Source data:
_ _ _ _ _

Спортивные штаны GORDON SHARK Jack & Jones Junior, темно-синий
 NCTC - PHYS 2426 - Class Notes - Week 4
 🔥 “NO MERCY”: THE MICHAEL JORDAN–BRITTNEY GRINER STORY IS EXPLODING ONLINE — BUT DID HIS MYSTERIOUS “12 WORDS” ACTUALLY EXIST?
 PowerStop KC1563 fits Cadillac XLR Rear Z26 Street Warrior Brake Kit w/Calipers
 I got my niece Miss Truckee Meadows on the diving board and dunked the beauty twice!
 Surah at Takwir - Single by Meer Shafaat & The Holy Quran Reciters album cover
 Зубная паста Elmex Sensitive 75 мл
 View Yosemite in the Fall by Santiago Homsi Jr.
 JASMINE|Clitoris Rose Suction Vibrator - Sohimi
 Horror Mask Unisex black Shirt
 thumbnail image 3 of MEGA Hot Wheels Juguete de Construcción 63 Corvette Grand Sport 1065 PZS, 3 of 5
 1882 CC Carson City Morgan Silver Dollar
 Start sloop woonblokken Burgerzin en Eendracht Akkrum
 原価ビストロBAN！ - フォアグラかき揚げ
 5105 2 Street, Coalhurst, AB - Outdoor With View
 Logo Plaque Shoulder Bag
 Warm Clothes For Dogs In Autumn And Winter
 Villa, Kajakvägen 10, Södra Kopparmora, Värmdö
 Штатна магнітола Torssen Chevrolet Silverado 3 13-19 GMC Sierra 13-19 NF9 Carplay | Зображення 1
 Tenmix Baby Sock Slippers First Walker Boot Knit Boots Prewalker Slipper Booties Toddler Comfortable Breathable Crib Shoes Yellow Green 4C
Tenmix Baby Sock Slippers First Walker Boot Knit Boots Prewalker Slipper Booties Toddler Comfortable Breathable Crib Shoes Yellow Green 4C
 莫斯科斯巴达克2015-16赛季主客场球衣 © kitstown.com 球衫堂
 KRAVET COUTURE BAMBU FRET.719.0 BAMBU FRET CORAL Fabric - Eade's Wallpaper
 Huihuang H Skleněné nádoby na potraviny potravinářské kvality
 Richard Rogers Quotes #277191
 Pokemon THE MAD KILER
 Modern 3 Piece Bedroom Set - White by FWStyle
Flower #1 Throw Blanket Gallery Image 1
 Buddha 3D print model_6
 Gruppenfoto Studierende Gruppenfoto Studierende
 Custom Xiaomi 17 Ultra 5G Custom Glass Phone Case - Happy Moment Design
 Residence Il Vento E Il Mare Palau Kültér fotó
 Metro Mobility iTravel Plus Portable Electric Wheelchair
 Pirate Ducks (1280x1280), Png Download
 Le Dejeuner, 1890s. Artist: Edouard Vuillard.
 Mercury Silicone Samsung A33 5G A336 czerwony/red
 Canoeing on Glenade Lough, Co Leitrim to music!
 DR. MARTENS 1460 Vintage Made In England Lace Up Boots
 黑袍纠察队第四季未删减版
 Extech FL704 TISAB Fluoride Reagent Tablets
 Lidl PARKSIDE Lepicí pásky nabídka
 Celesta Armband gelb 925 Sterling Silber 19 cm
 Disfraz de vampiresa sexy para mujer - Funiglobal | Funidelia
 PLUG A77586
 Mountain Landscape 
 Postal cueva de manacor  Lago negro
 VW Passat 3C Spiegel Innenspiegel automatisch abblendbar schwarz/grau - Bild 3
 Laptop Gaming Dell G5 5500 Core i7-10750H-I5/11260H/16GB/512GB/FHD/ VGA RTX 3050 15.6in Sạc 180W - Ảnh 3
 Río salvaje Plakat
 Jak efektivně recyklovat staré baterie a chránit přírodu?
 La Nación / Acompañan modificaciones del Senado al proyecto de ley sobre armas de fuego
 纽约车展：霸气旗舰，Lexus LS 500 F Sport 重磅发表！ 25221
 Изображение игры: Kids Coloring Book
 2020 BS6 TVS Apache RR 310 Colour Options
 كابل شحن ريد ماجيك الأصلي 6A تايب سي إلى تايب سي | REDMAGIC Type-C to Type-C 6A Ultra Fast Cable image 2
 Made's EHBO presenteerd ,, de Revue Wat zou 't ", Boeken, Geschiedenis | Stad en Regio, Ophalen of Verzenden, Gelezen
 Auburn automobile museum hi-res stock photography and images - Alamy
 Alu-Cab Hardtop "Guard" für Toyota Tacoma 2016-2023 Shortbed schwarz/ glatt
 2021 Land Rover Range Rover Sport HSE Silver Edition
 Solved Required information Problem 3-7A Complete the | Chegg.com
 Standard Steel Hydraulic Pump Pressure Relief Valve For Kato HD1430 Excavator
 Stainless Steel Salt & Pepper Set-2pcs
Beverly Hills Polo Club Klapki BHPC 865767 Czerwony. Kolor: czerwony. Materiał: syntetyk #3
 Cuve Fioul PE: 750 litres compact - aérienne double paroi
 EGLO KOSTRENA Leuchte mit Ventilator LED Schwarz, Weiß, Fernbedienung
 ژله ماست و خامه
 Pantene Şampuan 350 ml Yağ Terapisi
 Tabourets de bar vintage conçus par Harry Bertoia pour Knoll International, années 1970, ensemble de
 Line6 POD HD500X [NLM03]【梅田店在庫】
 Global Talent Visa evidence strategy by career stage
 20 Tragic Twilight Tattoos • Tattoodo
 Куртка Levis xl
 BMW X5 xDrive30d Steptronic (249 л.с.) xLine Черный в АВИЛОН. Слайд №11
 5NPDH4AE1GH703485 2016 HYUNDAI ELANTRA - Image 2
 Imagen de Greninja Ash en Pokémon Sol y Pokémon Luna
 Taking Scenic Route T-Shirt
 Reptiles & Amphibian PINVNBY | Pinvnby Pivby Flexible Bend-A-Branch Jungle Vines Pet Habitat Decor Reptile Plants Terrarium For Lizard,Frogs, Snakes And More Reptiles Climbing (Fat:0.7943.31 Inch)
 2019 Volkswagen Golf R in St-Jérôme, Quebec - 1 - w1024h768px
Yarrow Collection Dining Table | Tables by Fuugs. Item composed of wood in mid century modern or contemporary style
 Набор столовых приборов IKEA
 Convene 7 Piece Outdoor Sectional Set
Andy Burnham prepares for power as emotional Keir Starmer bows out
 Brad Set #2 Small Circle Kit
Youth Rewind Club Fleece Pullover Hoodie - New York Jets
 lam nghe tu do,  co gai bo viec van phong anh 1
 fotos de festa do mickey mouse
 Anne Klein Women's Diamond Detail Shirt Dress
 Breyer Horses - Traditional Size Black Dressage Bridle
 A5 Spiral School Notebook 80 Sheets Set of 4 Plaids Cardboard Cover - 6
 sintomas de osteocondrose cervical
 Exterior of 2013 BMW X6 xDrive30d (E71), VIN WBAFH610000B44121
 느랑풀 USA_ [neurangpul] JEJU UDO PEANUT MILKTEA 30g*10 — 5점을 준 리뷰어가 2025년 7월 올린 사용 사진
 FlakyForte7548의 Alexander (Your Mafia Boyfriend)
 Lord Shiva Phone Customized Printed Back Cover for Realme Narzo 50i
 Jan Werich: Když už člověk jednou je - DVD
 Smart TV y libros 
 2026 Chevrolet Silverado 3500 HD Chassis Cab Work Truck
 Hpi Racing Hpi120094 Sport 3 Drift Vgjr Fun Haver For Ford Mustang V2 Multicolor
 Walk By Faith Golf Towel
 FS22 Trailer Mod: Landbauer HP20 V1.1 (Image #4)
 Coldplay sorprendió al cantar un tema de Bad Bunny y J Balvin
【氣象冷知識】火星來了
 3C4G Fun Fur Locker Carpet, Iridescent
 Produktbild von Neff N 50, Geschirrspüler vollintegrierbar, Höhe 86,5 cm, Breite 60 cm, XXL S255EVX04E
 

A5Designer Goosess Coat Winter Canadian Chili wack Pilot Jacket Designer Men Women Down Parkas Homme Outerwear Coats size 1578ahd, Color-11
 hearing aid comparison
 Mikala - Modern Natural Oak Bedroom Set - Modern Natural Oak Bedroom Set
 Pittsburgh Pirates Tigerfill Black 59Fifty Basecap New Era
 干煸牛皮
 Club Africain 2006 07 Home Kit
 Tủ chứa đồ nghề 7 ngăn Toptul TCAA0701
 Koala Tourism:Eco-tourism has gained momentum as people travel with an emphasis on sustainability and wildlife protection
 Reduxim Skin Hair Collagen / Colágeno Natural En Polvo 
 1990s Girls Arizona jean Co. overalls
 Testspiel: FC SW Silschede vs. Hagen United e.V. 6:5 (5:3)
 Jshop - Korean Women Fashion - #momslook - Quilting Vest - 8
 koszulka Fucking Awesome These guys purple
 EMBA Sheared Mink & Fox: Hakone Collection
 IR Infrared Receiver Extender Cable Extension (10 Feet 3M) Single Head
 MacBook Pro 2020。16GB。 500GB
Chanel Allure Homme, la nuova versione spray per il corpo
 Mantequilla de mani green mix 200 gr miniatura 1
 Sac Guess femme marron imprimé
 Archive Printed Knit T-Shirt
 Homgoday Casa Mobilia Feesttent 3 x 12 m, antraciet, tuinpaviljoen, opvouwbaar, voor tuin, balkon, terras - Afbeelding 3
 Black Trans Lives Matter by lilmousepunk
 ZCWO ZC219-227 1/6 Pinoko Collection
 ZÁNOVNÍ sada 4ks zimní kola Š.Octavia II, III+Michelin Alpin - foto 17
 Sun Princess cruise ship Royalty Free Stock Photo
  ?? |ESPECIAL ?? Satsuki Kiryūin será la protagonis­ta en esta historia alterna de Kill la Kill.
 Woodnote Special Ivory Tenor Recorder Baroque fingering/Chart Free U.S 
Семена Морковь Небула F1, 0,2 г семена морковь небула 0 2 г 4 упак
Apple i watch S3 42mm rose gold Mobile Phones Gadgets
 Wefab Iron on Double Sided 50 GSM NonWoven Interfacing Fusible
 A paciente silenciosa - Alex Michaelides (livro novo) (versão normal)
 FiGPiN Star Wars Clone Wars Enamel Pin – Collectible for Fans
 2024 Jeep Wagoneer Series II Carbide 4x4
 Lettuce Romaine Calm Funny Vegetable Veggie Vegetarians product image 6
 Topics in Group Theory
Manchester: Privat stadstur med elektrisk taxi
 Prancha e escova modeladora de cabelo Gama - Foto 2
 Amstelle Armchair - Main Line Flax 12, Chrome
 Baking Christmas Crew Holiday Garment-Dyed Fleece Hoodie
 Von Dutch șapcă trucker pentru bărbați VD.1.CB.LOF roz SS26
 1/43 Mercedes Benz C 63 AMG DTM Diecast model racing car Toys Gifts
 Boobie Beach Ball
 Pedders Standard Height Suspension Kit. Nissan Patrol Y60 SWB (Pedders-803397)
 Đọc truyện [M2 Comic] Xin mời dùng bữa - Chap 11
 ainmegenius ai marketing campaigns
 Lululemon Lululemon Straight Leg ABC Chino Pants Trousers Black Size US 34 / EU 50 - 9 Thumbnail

_ _ _ _ _

◆ **PROBLEM TO SOLVE**:
In the entries above, please find the line with "ZCWO ZC219-227 1/6 Pinoko Collection" and the line with "Woodnote Special Ivory", then write out exactly those two lines and every line between them, and nothing more.

◆ **RESULT FOR THIS EXERCISE**:
 ZCWO ZC219-227 1/6 Pinoko Collection
 ZÁNOVNÍ sada 4ks zimní kola Š.Octavia II, III+Michelin Alpin - foto 17
 Sun Princess cruise ship Royalty Free Stock Photo
  ?? |ESPECIAL ?? Satsuki Kiryūin será la protagonis­ta en esta historia alterna de Kill la Kill.
 Woodnote Special Ivory Tenor Recorder Baroque fingering/Chart Free U.S 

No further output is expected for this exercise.